Cinéaste de génie, fasciné par le monde du cirque et les phénomènes de foire, une rétrospective à la Cinémathèque revient sur une œuvre ancrée dans le théâtre cruel de la vie.
«La Monstrueuse parade» de Tod Browning (1932). Photo Warner bros Picture
Comme le corps de ses personnages souvent amputés, infirmes, déviants, l’œuvre de Tod Browning (1880 -1962) occupe au sein de l’industrie hollywoodienne la place singulière que lui confère son inquiétante étrangeté, à la fois fleuron du cinéma fantastique, auquel il offrit avec son Dracula (1931) le tout premier succès de ce genre naissant à l’ère du parlant, et bouquet marginal de mélodrames retors et dérangeants, absolument inassignables à quelque courant que ce soit.

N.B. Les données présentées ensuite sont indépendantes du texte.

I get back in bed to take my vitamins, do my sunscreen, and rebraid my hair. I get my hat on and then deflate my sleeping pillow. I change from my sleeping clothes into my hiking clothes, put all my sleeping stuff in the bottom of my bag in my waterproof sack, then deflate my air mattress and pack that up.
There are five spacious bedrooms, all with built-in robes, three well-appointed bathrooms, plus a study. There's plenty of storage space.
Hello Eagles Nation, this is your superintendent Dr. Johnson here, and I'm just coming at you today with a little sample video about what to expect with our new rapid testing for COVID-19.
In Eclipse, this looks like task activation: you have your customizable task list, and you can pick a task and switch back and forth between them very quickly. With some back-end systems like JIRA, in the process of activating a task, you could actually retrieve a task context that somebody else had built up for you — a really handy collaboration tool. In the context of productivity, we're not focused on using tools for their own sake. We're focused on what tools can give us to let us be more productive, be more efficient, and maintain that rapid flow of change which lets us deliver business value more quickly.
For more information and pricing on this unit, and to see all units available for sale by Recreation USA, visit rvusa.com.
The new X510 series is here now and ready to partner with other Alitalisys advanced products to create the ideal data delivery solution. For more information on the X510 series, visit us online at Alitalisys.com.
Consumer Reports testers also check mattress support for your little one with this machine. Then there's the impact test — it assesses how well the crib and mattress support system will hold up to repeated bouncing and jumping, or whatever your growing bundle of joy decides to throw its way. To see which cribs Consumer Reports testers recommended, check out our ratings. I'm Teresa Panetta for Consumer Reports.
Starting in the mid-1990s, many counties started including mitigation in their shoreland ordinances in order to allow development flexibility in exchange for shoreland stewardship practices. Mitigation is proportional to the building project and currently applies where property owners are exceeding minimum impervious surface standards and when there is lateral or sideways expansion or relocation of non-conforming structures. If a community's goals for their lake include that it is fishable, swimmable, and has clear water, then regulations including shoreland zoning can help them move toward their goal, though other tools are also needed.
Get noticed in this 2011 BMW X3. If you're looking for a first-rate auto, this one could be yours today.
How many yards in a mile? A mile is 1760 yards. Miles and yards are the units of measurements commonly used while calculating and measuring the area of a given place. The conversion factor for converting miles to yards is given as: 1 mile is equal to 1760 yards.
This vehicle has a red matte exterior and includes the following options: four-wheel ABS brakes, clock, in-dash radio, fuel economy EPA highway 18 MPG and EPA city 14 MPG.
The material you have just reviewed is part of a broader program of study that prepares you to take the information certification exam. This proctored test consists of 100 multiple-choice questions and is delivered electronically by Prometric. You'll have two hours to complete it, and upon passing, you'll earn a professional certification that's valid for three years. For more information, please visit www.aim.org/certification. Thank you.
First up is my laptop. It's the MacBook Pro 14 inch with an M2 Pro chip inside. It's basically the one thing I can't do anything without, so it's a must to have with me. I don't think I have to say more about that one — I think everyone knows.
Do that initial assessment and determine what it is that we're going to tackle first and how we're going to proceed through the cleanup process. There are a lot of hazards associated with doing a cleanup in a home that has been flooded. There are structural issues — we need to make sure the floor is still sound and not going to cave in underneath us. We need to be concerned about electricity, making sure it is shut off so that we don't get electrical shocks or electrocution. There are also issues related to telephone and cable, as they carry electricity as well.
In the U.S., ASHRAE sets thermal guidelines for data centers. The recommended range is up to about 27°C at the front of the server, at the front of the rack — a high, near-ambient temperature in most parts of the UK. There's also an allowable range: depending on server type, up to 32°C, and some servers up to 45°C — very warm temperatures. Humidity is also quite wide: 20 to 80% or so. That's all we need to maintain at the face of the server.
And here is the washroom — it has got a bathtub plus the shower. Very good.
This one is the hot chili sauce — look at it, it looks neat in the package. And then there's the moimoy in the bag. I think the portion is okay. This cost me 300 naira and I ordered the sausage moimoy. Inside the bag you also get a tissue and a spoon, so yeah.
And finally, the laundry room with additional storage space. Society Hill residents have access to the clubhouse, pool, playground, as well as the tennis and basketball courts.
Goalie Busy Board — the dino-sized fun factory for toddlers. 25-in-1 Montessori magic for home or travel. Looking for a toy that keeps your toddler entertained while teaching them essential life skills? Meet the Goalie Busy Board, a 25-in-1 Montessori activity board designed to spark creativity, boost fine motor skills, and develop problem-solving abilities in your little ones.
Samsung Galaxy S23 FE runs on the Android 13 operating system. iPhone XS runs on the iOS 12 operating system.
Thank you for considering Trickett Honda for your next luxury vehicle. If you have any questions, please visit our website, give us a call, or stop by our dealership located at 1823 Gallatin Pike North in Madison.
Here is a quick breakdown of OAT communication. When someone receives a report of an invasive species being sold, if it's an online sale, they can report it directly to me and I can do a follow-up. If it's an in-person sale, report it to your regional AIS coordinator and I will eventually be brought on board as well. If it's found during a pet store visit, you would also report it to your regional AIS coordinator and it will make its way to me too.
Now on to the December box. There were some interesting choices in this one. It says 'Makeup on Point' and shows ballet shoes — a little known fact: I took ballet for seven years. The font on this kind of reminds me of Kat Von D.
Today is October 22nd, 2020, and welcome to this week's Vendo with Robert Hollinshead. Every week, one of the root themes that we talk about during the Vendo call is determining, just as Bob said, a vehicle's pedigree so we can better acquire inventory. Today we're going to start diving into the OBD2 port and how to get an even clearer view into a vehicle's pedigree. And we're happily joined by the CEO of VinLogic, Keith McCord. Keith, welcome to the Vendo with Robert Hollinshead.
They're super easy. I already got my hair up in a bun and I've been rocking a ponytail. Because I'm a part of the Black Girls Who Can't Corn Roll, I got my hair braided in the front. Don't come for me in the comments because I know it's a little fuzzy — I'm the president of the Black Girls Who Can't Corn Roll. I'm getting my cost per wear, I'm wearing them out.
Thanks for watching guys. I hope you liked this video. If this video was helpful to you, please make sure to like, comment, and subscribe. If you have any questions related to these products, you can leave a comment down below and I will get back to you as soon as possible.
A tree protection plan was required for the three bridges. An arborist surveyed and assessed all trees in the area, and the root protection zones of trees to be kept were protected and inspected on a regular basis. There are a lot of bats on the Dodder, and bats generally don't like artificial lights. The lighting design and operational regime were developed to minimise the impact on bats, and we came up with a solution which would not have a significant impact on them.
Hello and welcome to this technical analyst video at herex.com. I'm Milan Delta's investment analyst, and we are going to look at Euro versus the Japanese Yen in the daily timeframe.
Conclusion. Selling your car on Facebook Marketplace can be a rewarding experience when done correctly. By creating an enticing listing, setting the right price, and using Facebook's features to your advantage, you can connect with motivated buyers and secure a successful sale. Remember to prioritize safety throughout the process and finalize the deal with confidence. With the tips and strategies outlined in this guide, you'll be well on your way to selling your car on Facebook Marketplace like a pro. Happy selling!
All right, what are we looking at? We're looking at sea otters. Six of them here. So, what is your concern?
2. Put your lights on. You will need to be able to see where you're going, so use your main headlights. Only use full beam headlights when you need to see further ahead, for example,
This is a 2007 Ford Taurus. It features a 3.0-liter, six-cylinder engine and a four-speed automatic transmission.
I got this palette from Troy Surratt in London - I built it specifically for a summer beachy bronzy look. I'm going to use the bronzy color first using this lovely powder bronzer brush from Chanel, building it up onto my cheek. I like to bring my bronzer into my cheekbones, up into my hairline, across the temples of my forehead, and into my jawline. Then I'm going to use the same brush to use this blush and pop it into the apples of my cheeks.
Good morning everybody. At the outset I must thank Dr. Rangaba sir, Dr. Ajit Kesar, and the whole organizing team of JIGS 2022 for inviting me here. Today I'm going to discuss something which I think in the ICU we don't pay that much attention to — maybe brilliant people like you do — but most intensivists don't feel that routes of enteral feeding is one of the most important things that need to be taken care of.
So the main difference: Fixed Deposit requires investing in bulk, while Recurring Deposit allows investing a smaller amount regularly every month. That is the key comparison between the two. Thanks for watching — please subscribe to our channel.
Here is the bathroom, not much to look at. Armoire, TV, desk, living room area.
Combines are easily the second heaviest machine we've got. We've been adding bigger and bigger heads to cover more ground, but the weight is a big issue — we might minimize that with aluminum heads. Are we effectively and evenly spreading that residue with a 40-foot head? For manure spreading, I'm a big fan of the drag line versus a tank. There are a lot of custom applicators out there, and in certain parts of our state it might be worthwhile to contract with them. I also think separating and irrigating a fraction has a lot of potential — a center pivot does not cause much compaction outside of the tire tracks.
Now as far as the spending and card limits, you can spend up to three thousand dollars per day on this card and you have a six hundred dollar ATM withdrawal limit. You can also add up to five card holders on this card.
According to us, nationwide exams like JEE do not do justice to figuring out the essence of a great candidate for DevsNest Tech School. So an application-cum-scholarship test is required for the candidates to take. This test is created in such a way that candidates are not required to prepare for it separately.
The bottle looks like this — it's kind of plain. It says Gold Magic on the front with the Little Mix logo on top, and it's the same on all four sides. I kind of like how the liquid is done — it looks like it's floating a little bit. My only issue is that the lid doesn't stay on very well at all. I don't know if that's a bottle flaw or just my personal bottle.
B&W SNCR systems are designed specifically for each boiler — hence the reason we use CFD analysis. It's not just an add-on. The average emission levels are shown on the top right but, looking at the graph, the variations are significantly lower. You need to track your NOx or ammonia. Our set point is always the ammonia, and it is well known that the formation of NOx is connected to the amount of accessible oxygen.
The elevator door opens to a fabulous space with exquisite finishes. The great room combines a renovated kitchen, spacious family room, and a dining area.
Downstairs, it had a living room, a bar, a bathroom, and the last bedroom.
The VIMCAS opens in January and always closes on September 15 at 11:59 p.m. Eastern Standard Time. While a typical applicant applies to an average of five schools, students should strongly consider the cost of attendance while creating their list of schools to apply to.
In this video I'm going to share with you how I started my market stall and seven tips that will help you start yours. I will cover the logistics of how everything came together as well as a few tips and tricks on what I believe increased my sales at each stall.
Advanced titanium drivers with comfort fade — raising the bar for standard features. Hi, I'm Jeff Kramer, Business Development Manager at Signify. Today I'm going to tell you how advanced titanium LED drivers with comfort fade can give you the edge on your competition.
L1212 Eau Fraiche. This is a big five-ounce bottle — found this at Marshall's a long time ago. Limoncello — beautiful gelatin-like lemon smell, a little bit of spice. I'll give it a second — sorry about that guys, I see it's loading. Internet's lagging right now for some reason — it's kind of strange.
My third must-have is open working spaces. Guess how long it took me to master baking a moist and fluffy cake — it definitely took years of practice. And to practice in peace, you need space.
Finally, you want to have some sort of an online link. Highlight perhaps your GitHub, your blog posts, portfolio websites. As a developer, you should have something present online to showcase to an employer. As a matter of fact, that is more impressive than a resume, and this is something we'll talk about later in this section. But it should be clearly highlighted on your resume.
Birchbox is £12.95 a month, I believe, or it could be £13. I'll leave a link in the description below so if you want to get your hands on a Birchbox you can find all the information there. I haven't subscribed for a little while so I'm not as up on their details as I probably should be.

Des objets filmiques bizarres, eux-mêmes mutilés, censurés et parfois invisibles, c’est dire l’importance de cette précieuse rétrospective à la Cinémathèque, qui ne ressuscite certes pas la vingtaine de films perdus à jamais - à l’impossible nul n’est tenu - mais donne à voir presque tous les autres, de l’âge d’or des années 20, porté par sa collaboration miraculeuse avec le génial Lon Chaney, l’acteur aux mille visages et au corps protéiforme, jusqu’à la chute des années 30, décennie malade émaillée d’une œuvre immense, terrifiante, aberrante, tellement honnie en son temps qu’elle allait coûter à Browning sa carrière, malgré le soutien sans faille d’Irving Thalberg, son producteur à la MGM : Freaks (la Monstrueuse Parade, 1932).